ABOUT THIS EXERCISE
A verbatim transcript of the data below is required, images omitted.

[Image-caption web data]
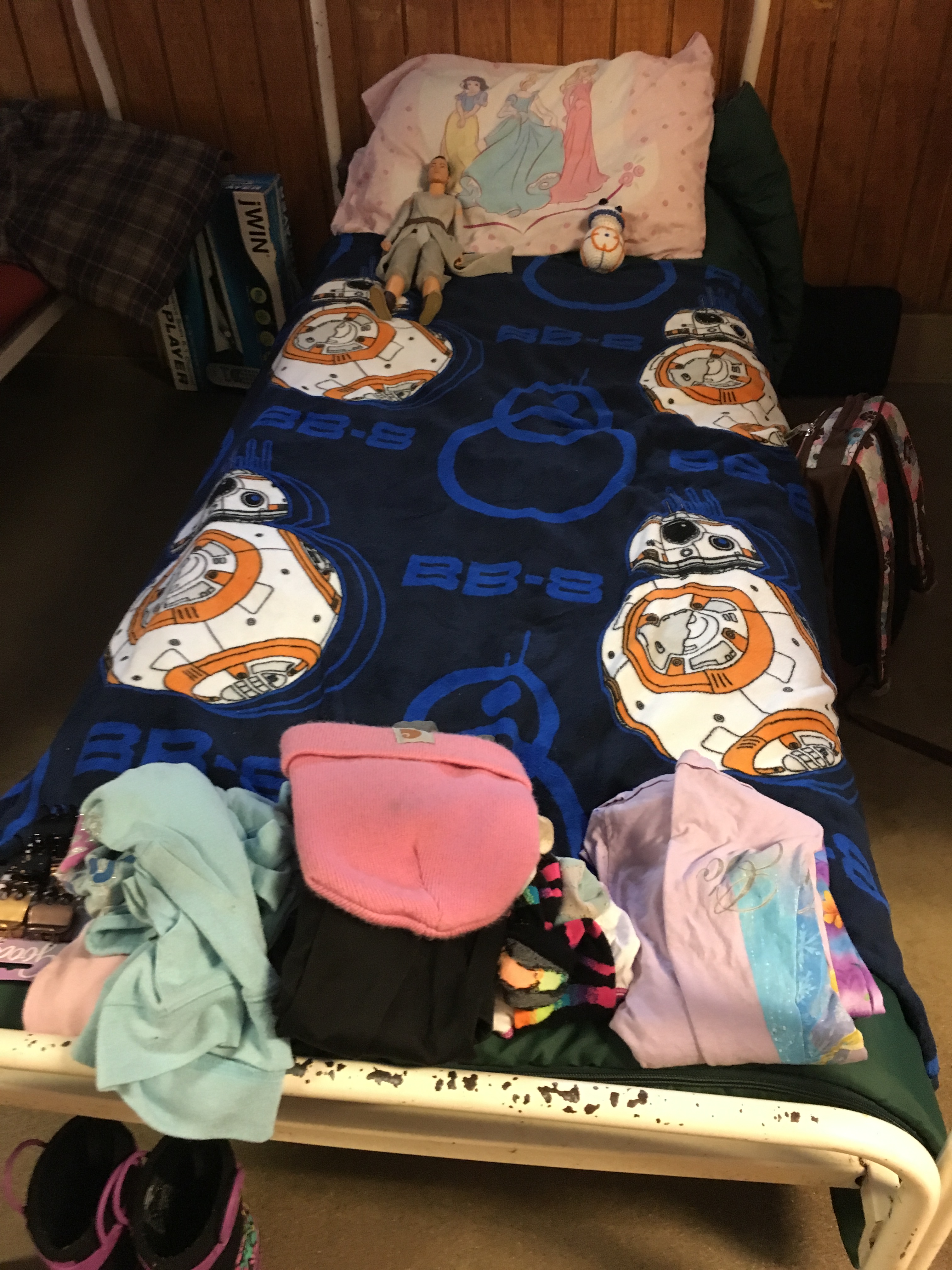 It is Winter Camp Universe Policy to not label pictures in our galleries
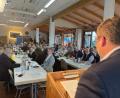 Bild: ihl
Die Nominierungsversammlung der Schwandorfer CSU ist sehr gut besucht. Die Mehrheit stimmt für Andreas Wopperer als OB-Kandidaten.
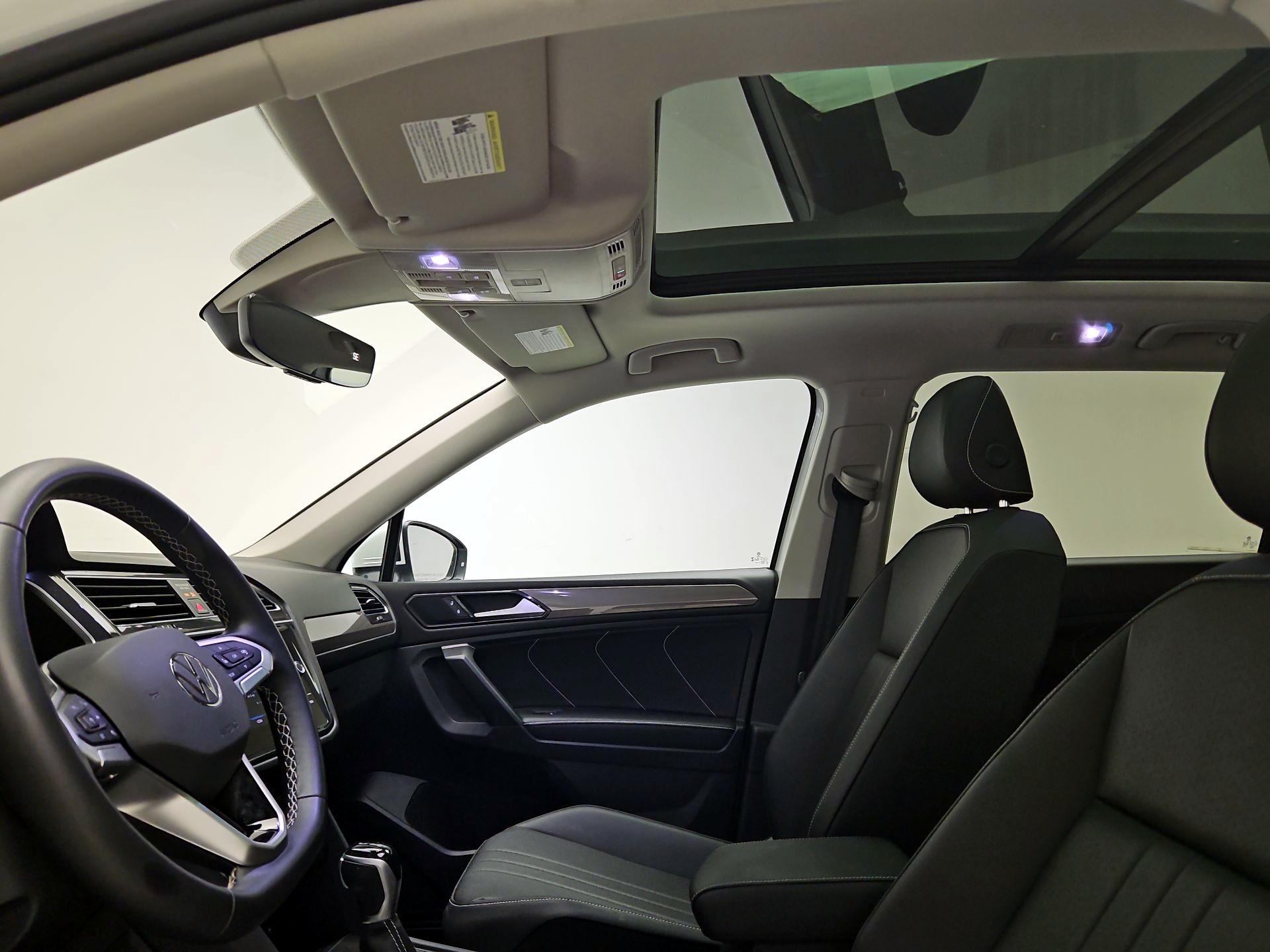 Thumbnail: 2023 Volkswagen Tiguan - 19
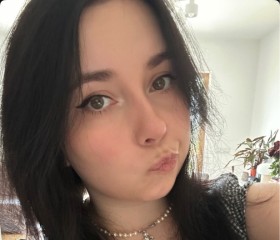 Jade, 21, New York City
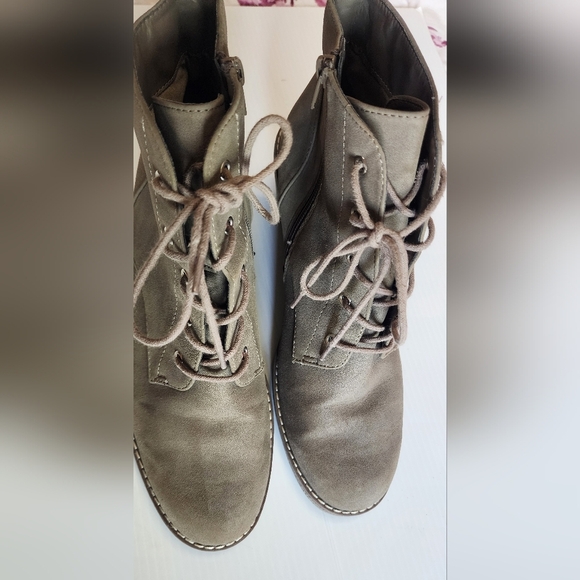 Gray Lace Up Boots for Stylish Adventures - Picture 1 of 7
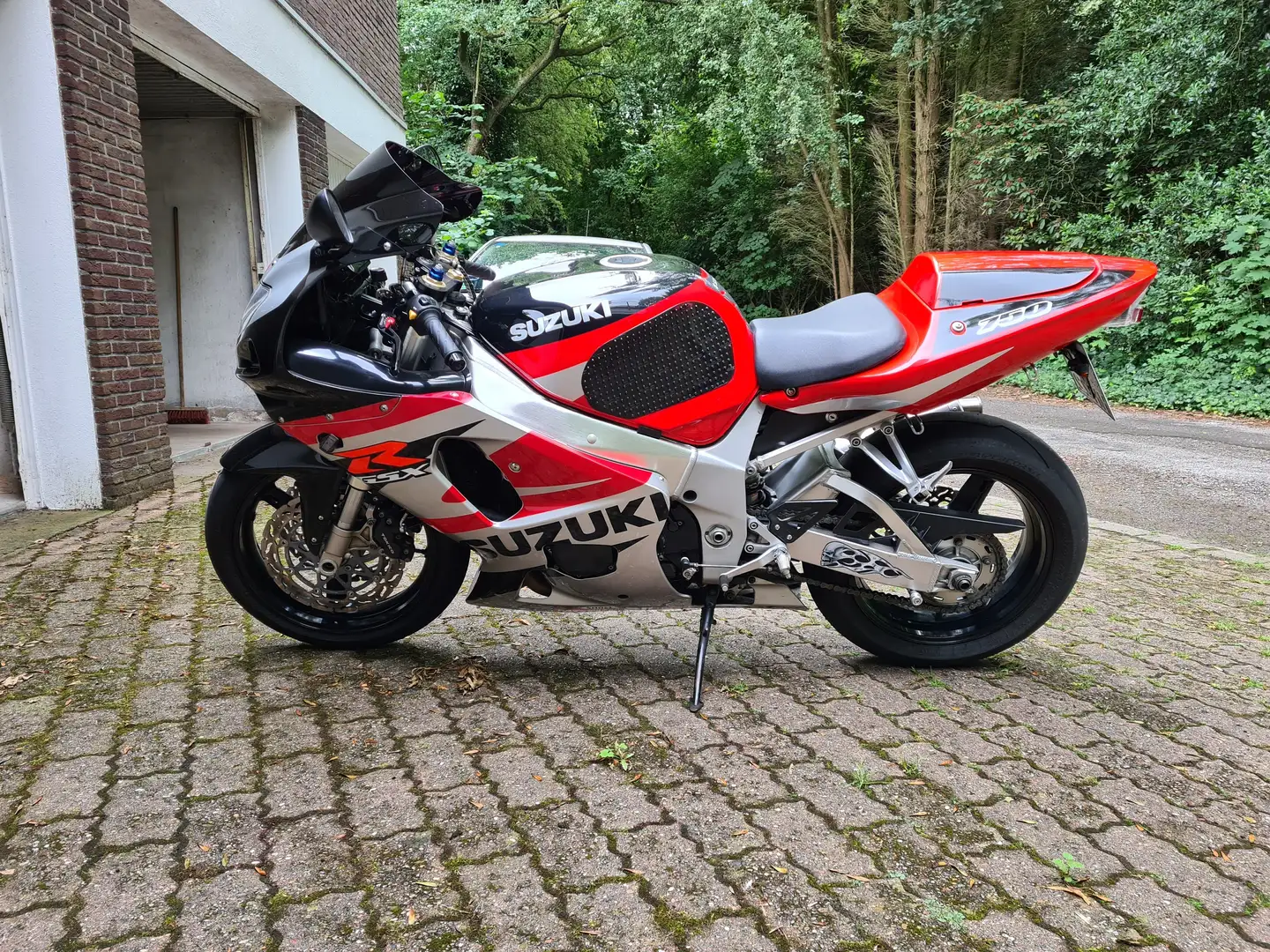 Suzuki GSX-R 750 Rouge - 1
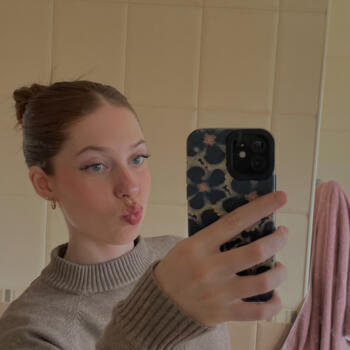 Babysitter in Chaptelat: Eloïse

RESULT FOR THIS EXERCISE
 It is Winter Camp Universe Policy to not label pictures in our galleries
 Bild: ihl
Die Nominierungsversammlung der Schwandorfer CSU ist sehr gut besucht. Die Mehrheit stimmt für Andreas Wopperer als OB-Kandidaten.
 Thumbnail: 2023 Volkswagen Tiguan - 19
 Jade, 21, New York City
 Gray Lace Up Boots for Stylish Adventures - Picture 1 of 7
 Suzuki GSX-R 750 Rouge - 1
 Babysitter in Chaptelat: Eloïse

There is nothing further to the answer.